Okumalar, Değinmeler-58: Venceremos! Kıralım zincirlerimizi!

Gençliğinde “Venceremos” mırıldanmış biri olarak Latin Amerika’ya sevgim, sempatim vardır. Hasta la Vista!

İLHAMİ ALGÖR

09.09.2023

Dijital alemde Pancho Villa adlı bir diziye denk geldim. Dizi, 19. yüzyılın sonlarına ait siyah beyaz arşiv görüntüleriyle başlıyor. Görüntülerin birinde fraklı, jaketataylı (1), silindir ve melon şapkalı beyefendiler kameraya doğru yürüyorlar. Göğsü madalyalı, sırma apoletli yüksek rütbeli erkan, Meksika devlet ricali. Hepsi erkek. Bıyıkları havalı, kesimlerine özen gösterilmiş.
 
Bu esnada bir dış ses aşağıdakileri anlatıyor:
“1872’de Benito Juarez ölünce, General Porfirio Diaz devlet başkanı oldu. Daha doğrusu kendi kendini başkan ilan etti. Devleti yönetmek o kadar hoşuna gitti ki kendini tekrar tekrar başkan seçti. Polis teşkilatını ve orduyu kullanarak ülkeyi demir yumrukla yönetti.
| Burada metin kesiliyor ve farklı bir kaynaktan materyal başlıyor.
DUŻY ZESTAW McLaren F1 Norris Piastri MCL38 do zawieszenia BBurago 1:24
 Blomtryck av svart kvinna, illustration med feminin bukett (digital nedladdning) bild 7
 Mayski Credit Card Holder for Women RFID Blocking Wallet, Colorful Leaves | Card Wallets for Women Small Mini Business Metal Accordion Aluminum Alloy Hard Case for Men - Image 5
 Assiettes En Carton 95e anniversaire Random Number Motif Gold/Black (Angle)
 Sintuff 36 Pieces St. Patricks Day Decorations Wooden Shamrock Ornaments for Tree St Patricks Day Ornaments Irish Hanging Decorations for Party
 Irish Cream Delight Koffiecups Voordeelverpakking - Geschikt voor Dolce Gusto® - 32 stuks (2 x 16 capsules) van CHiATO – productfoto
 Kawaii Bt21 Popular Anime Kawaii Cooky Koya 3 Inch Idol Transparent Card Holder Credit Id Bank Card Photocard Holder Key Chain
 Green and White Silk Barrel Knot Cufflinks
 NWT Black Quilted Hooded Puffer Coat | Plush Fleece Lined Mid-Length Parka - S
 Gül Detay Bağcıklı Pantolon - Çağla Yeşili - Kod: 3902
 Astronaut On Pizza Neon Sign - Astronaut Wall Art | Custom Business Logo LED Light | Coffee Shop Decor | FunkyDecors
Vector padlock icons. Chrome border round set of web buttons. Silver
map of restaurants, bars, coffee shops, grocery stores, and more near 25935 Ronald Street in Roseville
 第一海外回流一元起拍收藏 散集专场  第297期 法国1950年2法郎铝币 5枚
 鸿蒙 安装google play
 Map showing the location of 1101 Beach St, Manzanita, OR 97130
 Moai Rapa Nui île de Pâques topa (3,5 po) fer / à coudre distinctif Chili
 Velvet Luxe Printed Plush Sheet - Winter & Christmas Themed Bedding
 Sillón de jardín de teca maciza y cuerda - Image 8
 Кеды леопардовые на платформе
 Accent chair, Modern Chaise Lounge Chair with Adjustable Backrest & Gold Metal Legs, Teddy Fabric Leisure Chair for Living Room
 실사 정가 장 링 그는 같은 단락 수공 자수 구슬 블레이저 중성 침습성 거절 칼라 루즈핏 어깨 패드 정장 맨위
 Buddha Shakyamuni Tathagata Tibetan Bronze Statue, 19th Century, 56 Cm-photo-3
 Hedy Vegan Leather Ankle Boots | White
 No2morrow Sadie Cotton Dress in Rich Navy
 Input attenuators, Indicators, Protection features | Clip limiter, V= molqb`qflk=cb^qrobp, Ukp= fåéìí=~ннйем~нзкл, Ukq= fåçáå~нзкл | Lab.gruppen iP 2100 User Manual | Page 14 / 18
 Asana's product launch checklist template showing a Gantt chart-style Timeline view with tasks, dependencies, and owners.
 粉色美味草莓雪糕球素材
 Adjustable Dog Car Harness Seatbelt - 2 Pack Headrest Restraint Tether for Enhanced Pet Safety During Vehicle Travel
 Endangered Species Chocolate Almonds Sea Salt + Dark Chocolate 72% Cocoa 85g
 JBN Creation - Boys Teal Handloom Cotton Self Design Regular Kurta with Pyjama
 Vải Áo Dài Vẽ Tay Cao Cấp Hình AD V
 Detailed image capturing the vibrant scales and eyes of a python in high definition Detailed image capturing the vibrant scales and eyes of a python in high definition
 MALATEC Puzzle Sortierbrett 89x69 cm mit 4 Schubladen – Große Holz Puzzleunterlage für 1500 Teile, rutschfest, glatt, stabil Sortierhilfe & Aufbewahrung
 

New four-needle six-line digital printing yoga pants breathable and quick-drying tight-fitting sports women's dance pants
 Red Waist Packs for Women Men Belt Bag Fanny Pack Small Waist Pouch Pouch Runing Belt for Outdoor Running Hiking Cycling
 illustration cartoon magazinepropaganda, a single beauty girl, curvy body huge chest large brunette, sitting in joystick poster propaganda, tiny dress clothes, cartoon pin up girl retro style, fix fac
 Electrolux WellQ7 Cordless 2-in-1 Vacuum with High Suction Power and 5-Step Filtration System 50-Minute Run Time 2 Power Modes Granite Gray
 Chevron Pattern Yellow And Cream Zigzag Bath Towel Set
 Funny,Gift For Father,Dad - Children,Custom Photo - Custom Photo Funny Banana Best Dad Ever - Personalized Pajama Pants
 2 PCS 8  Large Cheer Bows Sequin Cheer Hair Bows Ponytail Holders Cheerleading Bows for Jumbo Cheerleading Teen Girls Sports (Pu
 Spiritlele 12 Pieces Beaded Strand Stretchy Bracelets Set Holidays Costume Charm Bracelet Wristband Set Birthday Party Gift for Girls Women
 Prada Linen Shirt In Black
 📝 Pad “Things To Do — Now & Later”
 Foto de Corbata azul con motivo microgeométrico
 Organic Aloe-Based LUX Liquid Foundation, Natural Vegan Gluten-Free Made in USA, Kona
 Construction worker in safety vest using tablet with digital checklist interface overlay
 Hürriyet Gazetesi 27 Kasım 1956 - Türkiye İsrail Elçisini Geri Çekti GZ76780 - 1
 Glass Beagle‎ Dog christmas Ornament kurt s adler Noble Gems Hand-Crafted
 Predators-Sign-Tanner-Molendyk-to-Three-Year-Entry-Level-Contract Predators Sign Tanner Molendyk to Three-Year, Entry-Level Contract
Ailesi ve arkadaşları yüksek mevkilere gelerek zenginleştiler. Bu arada ülkenin geri kalanında toprak sahipleri, işçileri ve ailelerini sömürdüler, baskı altında tuttular.”
 
Hmm. Çok tanıdık geldi. Sonraki cümlede anlatıcının dili değişiyor. Dışarıdan bakan dil, olayların içine giriyor ve “biz” oluyor:
“Başkan Diaz, madenlerimizi, demiryollarımızı ve toprağımızı sömürmelerine izin vererek Avrupalı güçlerin ve ABD’nin desteğini arkasına aldı.”
 
Dizinin ilk bölümünde, yoksul köylüler ağanın tarlalarında ırgat olarak çalışırlarken, daha sonra Pancho Villa olacak kahramanımıza, “ağanın oğlu kız kardeşine sarkıyor” haberi geliyor. Eve koşuyor. Evin anası ağa oğluna karşı kızını savunurken yetişiyor. O esnada ağa çocuğu “ben buraların sahibiyim, bu benim doğal hakkım” kafasında. “Servet sahibiyim, güçlü kişiyim, istediğimi yaparım” kafası. Türkiye’de de son senelerde genç kadınlar servet ve nüfuz sahibi adamların evlerinde kayboldular. Koruyamadık.
 
Kahramanımız, ağa oğlunun silahını belinden kapıyor, iki el sıkıyor, yaralıyor pislik herifi. Ağanın adamları koşup geliyor. Kahramanımız kaçıyor haliyle. Sonra maceralar, maceralar.
 
Bu bölümde dikkatimi çeken bir detay var. Kahramanımız kaçtıktan yıllar sonra eve, anasını görmeye geliyor. Kız kardeş evde yok. Nerede? “Bir jandarma ile kaçtı. Adam, onu koruyacağına söz verdi. Kızımı bul ve getir bana oğlum.”
 
Mamma’nın sözünün yaptırım gücü çok yüksek. Latin ve Akdeniz dünyası erkeklerinde “mamma”nın kapladığı yere dair bir şeyler okumuştum ama aklımda kalmadı. Latin erkeklerinde anne düşkünlüğünden söz ediyordu.
 
Neyse, sonradan Pancho Villa olacak kahramanımız, yanında birkaç companheiro (arkadaş, yoldaş, eşlikçi) ile gidip kız kardeşini buluyor. Kız kardeşin yanındaki adamı sorgusuz sualsiz vuruyor. Kız kardeşine de “yürü eve, annene ve kardeşlerine bak” diyor. Halbuki kız kardeş, yerde yatan adama sarılmış ağlıyor. Yani sevmişler birbirlerini.
 
Bu detay, senarist uydurması mı, Villa’nın gerçek hayat hikâyesine mi ait, bilmiyorum. Kız kardeşini, “mamma böyle istedi” diye sevdiği adamdan koparıp almak biraz garip kaçtı. Takılırım ben böyle şeylere.
 
İkinci bölümde Diktatör Diaz’a dair şunları okuyoruz:
“Profirio Diaz Meksika’yı 30 yıldan uzun bir süre kendi tarzında yönetti. Yerli asıllıydı ama cildini beyazlatmak için gülünç makyajlar yapıyordu. ‘Zavallı Meksika, tanrıdan çok uzak, Amerika’ya çok yakın’ derdi. Günde en fazla sekiz saat çalışmak ve yabancı madencilerle aynı maaşı almak için grev yapan işçileri ezdi.  Sınırı istedikleri gibi geçen gringo çiftlik sahiplerinin desteğiyle grevci işçileri vurması için jandarma gönderdi. Bu, devrimin ateşini yaktı.”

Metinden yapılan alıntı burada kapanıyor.